Manufacturers of electronic goods, durable consumer goods (i.e. Washing machines) and automobiles are prime examples who utilise this process. CNC Metal Spinning can help establish repetitive manufacturing processes, especially when integrating robotics in the production line.


Discrete Manufacturing

Discrete manufacturing is somewhat like repetitive manufacturing processes in that it utilises production lines when manufacturing products or components. This process, however, is largely diverse in comparison and covers a range of setup and changeover frequencies. Discrete processes are heavily impacted on the design of products and components which can be highly disparate.

If the products or components being manufactured are extremely different, this will have an impact on the setup and tear-down frequencies and therefore will lengthen the time of production process.
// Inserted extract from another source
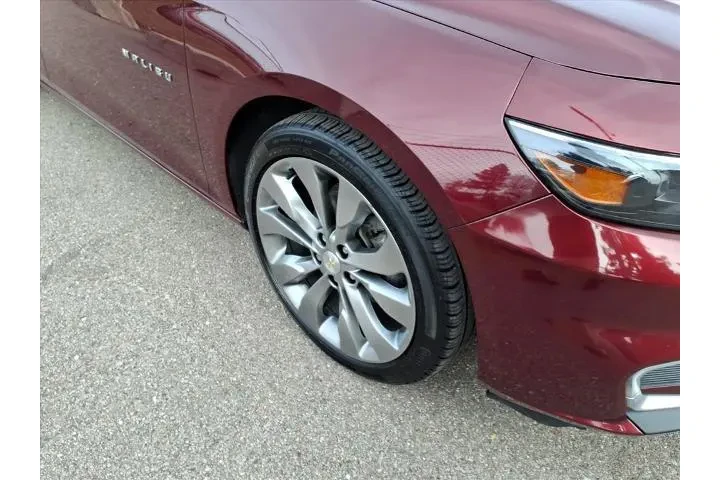 $12980 : Chevrolet Malibu 2016 Premie image 5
Manufacturers of Automobiles also utilise this process alongside manufacturers of aircraft, furniture, toys and smartphones. Metal Spinners like ourselves often benefit from discrete manufacturing processes.

Job Shop Manufacturing

Job shop manufacturing processes differ from its discrete and repetitive counterparts by making use of production areas rather than production lines. This process is best suited for small batches of bespoke products or components that are made-to-order (MTO) or made-to-stock (MTS). It is therefore rare for Job shops to have production lines.

Job shop manufacturing is designed to make one version of a custom product and if customer demand is high for a bespoke product or component, the production line can utilise discrete processes with selected labour / automation.

Machine shop manufacturers are great examples of those who use job shop manufacturing processes. Here, they can use this process to manufacture parts for local industrial machinery, boats and ships as well as batches of specialised components for the aircraft industry.

Continuous Process Manufacturing

This process is similar to repetitive manufacturing because they both run 24/7. On the other hand, Continuous process manufacturing differentiates itself from repetitive processes because the materials used in production are gases, liquids, powders or slurries. In the mining industry for example, the production materials can be granular or chunky.

The design of products is similar but will change if the discipline to create final products or the production process itself is more diverse.

Manufacturing Continuous Process

Batch Process Manufacturing

This process shares characteristics with discrete and job shop processes in manufacturing. It is dependent on the level of consumer demand and demand can be met by one batch for example. The equipment used in the production of products or components would be cleaned upon batch completion, and ready to use for the next batch when needed. The nature of Batch processes is continuous.

A continuous batch process can be achieved when the raw materials cannot be made to a strict standard. In addition, the product ingredients (raw materials) used are similar and the production process is more diverse, just like continuous process manufacturing.

Metal spinners like ourselves would often utilise this form of manufacturing alongside discrete and job shop manufacturing. Other examples of manufacturers who would utilise this form of manufacturing process include Pharmaceuticals, fast food chains, Books / newspapers, Clothing, Baked goods and Electrical goods.

3D Printing

It is widely accepted by industry experts that a sixth process should be included when talking about the different types of manufacturing processes, especially considering the rapid advancement of technology. Since 1981, when 3D printing was first introduced, the industry has grown rapidly across the world. In 2020, the worldwide markets for 3D printing was £11.9 Billion and by 2024, is expected to exceed £30.6 Billion (Wohlers Associates, 2020). In the last five years, according to Katana, there has been an 875% growth in the last five years and remains a potential avenue of manufacturing despite the processes itself still in its infancy.

3D printing processes can produce three-dimensional objects by depositing materials layer by layer in accordance with the product or component’s 3D digital model. Many organisations within the manufacturing industry utilise this technique including Ford and Boeing as well as Nike and Hershey’s.